German voters went to the polls in Berlin today in a regional election where the anti-migrant AfD party hoped to capitalise on anger against Chancellor Angela Merkel’s welcome to refugees.
The rightwing populist Alternative for Germany has mobilised xenophobic and anti-Islam sentiment to win opposition seats in nine out of 16 states in Germany and is especially strong in the ex-communist east.
Fresh gains for the AfD — especially in hip and multicultural Berlin, where it has been polling up to 14 percent — would spell another setback for Merkel, a year ahead of national elections.
Germany took in one million asylum seekers last year, and over 70,000 came to Berlin, with many housed in the cavernous hangars of the Nazi-built former Tempelhof airport, once the hub for the Cold War-era Berlin airlift.
Merkel — who was booed this week by rightwing activists shouting “get lost” — later conceded it was hard to reach “protest voters” who have turned their backs on mainstream parties.
Polls opened at 0600 GMT under clear blue skies and were to close at 1600 GMT, with some 2.5 million people to chose both a new city-state parliament and 12 local district assemblies.

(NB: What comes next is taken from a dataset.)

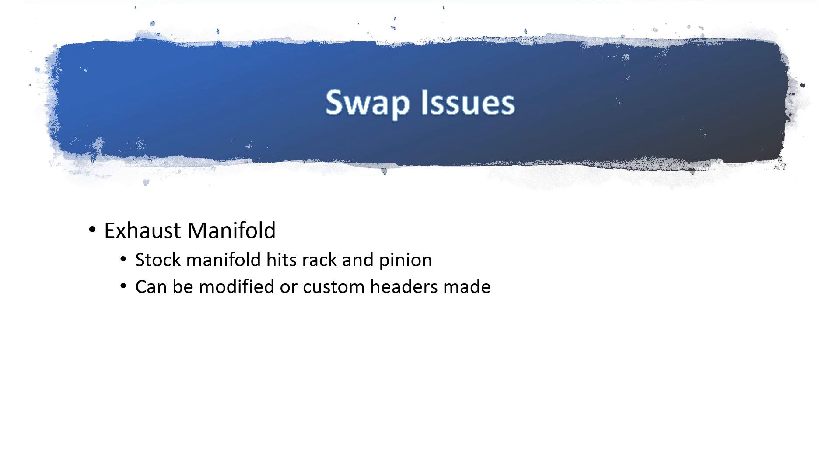Regarding the exhaust manifold: you have to definitely modify the stock exhaust manifold that came with the 1NZ, because the outlet dumps into the rack and pinion, which is not good. The good thing about the 1NZ exhaust manifold is that it's not cast — it's actually a tubular manifold. You can weld on new piping and make it dump properly beneath the rack and pinion, which is what we did. Or you can always have custom headers made. One interesting thing about the 1NZ is that the exhaust outlet is on the firewall side, unlike the 4AFE which dumps towards the front of the car.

Merkel’s centre-right Christian Democrats (CDU) has a national majority but in Berlin serves as junior coalition partner to Mayor Michael Mueller’s centre-left Social Democrats (SPD), traditionally the strongest party in this city of 3.5 million.

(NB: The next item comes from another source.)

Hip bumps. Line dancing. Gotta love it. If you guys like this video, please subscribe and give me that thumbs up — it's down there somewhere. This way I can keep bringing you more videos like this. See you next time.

As Mueller has rejected a new coalition with the CDU, Merkel’s party may be cast out of the Berlin government altogether with the SPD likely to team up with the ecologist Greens and the far-left Die Linke party.
In a city famously dubbed “poor but sexy” by its previous mayor, the openly-gay bon vivant Klaus Wowereit, the election campaign has been dominated not just by migrant policies but also widespread frustration over poor public services.
With little industry and an above-national average jobless rate of 10 percent, Europe’s techno party capital is chronically broke and known for its crumbling schools, late trains and shambolic city offices.
Often seen as an amusingly chaotic exception in otherwise orderly and punctual Germany, Berlin became a national laughing stock for a grand BER airport project that is now five years behind schedule and three times over budget.